Can I run DeepSeek R1 on my PC?

Yes — if you have a GPU with at least 8 GB VRAM you can run DeepSeek R1 Distill 8B, which requires only 4.8 GB VRAM at Q4 quantization. GPUs like the RTX 3060 (8 GB), RTX 3070, or GTX 1080 Ti work well. The full 671B model is not feasible for home use.

How much VRAM does DeepSeek R1 need?

It depends on which version: DeepSeek R1 Distill 8B needs ~4.8 GB VRAM (Q4), the 14B needs ~8.4 GB, and the 32B needs ~19.2 GB. The full DeepSeek R1 671B requires ~403 GB at Q4 — not 200 GB as many guides claim (that figure is Q2, which is too low quality for real use). For home use, the Distill models are the right choice.
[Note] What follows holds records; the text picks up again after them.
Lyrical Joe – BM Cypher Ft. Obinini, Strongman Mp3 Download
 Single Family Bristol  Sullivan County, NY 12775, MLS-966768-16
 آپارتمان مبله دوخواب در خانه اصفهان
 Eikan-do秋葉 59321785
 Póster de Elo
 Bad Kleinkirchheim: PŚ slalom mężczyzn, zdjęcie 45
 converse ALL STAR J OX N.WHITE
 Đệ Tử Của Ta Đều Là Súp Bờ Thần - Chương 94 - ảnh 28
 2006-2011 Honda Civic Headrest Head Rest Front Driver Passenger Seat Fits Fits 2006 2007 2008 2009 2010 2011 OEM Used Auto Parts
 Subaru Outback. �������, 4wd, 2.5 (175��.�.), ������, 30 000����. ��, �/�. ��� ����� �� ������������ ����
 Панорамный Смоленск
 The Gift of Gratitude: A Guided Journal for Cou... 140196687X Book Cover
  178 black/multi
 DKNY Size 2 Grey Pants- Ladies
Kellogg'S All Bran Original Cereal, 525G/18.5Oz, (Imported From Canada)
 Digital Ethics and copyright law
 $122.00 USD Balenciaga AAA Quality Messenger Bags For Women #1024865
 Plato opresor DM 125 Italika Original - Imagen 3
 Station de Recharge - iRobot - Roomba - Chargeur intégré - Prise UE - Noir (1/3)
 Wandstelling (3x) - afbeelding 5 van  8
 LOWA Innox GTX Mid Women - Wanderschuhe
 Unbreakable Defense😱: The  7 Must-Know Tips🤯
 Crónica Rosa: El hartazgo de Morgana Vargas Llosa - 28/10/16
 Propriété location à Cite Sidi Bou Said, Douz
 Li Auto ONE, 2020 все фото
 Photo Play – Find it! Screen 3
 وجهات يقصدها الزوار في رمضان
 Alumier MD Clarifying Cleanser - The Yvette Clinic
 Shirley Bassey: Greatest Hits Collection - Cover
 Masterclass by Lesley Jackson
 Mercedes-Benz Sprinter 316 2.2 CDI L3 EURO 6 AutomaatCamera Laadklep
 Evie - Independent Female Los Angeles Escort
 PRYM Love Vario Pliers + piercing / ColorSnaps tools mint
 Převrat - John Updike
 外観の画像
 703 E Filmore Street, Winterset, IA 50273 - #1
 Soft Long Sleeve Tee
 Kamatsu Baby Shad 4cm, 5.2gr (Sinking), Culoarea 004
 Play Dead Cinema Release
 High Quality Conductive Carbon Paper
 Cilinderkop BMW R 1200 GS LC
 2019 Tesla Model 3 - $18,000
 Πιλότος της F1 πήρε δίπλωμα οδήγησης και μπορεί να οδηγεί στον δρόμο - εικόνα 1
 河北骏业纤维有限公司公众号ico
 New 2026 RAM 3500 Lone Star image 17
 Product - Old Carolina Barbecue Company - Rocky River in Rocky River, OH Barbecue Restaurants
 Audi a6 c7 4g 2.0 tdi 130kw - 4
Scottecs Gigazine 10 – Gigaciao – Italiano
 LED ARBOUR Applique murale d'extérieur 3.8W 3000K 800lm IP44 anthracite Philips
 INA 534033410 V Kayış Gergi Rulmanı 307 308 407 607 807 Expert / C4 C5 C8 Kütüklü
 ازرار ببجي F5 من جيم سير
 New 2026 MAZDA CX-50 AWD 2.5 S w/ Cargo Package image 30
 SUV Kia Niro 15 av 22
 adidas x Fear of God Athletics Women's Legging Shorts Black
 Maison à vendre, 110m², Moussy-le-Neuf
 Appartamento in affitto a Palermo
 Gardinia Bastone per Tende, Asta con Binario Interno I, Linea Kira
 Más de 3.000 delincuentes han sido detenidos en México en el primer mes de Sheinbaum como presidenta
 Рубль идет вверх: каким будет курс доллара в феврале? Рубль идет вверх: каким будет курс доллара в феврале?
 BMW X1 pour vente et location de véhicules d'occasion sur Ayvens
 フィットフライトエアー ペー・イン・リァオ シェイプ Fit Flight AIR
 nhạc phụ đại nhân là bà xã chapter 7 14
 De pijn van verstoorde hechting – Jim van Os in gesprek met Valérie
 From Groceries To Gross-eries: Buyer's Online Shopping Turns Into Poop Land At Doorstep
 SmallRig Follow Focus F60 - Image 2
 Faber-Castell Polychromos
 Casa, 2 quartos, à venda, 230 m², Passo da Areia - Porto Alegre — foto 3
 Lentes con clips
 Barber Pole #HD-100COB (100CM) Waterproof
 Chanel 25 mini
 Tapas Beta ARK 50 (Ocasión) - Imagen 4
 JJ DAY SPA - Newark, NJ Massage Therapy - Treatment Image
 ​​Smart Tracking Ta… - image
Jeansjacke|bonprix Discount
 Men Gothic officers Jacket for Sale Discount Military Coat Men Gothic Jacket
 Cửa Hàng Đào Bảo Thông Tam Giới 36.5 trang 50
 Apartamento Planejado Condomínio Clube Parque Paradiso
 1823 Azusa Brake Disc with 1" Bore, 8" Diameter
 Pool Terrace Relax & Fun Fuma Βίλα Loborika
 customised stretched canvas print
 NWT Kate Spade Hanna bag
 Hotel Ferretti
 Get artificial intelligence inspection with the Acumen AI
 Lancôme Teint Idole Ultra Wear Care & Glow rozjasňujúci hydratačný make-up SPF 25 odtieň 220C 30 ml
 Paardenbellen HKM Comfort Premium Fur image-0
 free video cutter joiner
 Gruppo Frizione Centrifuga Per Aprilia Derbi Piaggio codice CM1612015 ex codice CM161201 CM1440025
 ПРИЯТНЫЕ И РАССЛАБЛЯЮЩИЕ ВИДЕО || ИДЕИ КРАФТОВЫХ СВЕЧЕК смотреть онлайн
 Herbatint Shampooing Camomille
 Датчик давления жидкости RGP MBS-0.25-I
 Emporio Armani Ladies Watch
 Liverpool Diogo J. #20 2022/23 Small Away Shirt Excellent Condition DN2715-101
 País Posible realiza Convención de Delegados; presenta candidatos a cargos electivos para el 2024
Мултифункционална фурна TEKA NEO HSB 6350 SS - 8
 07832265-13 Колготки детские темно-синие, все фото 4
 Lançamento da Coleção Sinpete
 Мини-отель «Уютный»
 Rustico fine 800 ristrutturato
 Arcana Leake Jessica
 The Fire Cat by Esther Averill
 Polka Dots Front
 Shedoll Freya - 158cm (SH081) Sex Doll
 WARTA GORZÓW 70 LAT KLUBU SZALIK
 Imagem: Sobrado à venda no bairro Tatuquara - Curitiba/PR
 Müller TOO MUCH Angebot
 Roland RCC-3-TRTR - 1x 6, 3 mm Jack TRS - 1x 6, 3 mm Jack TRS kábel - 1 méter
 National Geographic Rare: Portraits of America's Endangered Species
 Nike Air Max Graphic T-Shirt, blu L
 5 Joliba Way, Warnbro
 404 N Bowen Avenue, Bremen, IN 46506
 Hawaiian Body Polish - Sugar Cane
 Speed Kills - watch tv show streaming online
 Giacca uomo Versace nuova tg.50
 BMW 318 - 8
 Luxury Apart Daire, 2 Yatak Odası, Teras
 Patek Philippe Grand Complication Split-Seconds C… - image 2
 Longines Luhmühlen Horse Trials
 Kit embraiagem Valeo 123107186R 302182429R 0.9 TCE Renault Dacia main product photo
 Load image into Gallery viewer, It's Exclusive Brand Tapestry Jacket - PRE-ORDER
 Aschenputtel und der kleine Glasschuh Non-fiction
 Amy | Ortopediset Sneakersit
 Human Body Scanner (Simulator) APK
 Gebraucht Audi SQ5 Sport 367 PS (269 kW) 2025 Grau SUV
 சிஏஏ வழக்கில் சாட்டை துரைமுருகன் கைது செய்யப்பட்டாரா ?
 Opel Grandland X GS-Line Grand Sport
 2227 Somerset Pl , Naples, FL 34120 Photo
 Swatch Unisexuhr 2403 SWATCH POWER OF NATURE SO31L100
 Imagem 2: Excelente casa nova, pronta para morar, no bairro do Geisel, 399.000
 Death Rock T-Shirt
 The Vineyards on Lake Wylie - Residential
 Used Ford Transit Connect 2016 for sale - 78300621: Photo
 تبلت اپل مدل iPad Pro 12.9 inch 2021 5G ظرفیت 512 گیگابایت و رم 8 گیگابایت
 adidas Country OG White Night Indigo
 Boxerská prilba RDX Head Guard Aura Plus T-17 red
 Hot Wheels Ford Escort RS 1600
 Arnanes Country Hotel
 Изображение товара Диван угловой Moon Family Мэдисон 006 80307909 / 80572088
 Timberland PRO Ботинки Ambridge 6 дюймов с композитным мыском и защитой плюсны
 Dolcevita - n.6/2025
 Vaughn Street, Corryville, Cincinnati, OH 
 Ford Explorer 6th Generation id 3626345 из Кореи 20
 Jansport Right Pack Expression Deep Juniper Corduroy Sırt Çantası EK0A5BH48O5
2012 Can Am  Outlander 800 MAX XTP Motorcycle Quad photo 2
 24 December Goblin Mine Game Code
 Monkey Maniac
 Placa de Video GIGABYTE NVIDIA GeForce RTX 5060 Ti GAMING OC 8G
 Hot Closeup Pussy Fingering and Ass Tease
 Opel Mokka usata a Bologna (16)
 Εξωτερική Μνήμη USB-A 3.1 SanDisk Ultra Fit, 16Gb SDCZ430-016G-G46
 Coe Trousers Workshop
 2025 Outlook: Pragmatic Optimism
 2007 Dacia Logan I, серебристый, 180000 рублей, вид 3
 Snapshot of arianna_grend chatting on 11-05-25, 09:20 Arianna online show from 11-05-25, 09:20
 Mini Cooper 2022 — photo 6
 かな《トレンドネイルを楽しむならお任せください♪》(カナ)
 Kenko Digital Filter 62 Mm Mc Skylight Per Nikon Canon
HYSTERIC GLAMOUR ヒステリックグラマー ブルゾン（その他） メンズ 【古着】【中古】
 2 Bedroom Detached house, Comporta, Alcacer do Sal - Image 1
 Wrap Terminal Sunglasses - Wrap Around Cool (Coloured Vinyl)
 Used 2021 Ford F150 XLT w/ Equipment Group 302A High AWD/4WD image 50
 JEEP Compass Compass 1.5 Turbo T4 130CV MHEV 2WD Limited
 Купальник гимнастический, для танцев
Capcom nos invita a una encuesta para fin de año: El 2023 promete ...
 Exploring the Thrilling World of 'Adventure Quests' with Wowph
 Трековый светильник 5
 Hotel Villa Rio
Is DeepSeek free to run locally?

Yes. Ollama is free and open source. The DeepSeek R1 Distill models are released under the MIT license, which allows free use, modification, and distribution. The only cost is electricity to run your hardware.

What is the DeepSeek block?

The ... block is DeepSeek R1's chain-of-thought reasoning output. Before giving a final answer, the model works through the problem step by step and shows that process. This is expected behavior, not an error. Reasoning steps can take 30–60 seconds on complex questions.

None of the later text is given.